LinuxQuestions.org

LinuxQuestions.org (/questions/)
-   Programming (https://www.linuxquestions.org/questions/programming-9/)
-   -   Maximum file size (https://www.linuxquestions.org/questions/programming-9/maximum-file-size-503822/)

Hiran Joseph 11-22-2006 01:56 AM

Maximum file size
 
Does anyone know what is the maximum file size that can
be parsed by the AWK / or by linux in general?

bigearsbilly 11-22-2006 04:58 AM

linux file sizes, pretty large about 1TB i believe,
awk, dependent on memory and awk itself, dunno

with perl i have parsed very large files

jim mcnamara 11-22-2006 05:38 AM

Unless you mean "line size" -- which is usually thought of as the number of bytes per record in a text-formatted file -- if the filesystem can store the file, then utilities like awk and sed can read it.

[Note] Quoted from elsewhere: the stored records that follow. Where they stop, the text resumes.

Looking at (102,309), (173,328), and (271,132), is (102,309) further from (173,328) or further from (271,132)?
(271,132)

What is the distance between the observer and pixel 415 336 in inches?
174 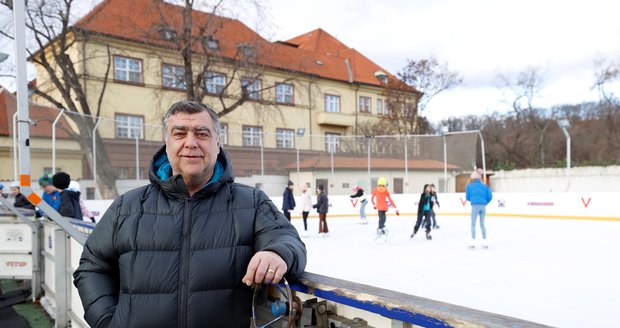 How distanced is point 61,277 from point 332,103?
3222cm

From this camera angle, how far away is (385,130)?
111ft

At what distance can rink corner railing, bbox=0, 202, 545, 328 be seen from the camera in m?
1.12

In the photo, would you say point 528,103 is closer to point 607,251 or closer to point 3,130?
point 607,251

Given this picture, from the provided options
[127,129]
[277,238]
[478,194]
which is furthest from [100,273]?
[127,129]

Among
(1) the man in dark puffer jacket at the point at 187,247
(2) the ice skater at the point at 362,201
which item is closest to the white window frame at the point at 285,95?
(2) the ice skater at the point at 362,201

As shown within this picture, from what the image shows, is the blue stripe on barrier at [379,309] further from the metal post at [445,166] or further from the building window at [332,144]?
the metal post at [445,166]

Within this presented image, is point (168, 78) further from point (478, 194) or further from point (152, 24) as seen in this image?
point (478, 194)

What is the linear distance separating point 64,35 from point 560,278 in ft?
65.3

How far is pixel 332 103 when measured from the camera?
35.5m

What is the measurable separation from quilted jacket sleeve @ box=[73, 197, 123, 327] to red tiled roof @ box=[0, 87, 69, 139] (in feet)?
38.1

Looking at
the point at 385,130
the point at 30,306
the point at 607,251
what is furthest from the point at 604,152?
the point at 30,306

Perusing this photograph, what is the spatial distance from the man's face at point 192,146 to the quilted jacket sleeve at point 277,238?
0.25 m

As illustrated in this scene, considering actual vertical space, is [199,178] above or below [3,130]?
below

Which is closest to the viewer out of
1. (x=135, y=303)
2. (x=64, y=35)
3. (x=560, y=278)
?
(x=135, y=303) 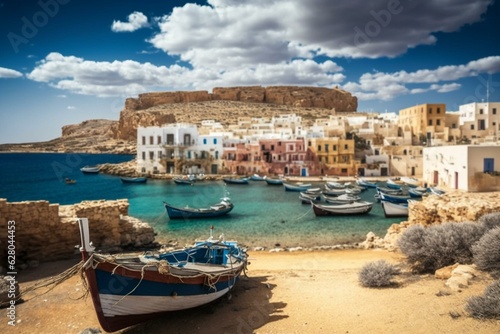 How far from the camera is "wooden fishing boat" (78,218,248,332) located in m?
5.27

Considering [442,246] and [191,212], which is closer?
[442,246]

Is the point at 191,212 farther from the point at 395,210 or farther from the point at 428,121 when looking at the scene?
the point at 428,121

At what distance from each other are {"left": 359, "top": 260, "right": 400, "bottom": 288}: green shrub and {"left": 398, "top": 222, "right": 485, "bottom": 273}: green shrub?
0.71 m

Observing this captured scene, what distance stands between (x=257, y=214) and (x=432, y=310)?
1772cm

What error are you getting?

matthewg42 11-22-2006 05:39 AM

I once ran into a 2 GiB limit with awk on a HP-UX machine. I think it depends on which c library it was compiled against. You can probably tell by looking for the 64 bit file IO functions in the binary:
Code:

strings $(which awk) |grep fopen
If you see fopen64, I think you should be OK up to files of stupidly large size. If you see regular fopen, probably you'll hit the limit at 2 GiB.

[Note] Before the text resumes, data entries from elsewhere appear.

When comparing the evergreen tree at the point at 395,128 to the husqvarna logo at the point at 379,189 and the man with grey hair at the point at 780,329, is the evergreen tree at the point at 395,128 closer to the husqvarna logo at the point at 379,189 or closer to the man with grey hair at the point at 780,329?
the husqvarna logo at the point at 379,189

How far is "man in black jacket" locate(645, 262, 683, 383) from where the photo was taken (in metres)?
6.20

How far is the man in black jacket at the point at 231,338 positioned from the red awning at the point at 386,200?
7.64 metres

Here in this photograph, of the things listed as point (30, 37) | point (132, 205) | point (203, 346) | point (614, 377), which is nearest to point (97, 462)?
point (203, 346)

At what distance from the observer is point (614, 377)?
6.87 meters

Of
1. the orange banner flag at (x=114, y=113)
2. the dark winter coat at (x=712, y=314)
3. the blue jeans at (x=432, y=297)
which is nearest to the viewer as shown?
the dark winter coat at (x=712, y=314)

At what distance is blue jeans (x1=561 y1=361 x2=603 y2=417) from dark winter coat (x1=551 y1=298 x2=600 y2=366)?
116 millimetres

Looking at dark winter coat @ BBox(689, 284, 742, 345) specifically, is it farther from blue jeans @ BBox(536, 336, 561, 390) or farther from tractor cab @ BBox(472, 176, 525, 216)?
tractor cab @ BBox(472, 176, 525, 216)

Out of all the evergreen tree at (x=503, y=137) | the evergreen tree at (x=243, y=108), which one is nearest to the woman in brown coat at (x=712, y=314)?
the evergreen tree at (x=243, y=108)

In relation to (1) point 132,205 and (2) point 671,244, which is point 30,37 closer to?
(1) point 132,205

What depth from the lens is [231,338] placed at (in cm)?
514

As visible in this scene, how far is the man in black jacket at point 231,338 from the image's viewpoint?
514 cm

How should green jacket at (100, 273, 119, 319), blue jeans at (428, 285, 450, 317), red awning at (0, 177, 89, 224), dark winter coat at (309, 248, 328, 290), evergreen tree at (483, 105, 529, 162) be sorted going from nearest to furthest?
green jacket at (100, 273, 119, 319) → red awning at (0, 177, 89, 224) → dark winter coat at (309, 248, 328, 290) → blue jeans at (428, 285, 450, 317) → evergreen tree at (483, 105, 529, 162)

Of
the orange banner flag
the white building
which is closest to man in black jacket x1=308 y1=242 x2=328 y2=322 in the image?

randyding 11-22-2006 08:34 PM

sed also counts line numbers, there could be an issue if there is more than 2^32 lines streamed in or read from a file. I don't know if the following works, to print the 2^32 line number?? Anyone have a file this big laying around?
Code:

sed -n 4294967296p

tuxdev 11-22-2006 10:28 PM

The most general answer is as many bytes as you can index with an off_t.

primo 11-23-2006 12:16 AM

Quote:

Originally Posted by tuxdev
The most general answer is as many bytes as you can index with an off_t.

Yes, it's the most reliable way. This and off64_t. As a matter of fact, the *BSD's lack fopen64() because they use a 64-bits wide off_t.

kshkid 11-24-2006 07:54 AM

And fopen64 is a non-standard function, to support 64-bit file pointers


All times are GMT -5. The time now is 10:58 PM.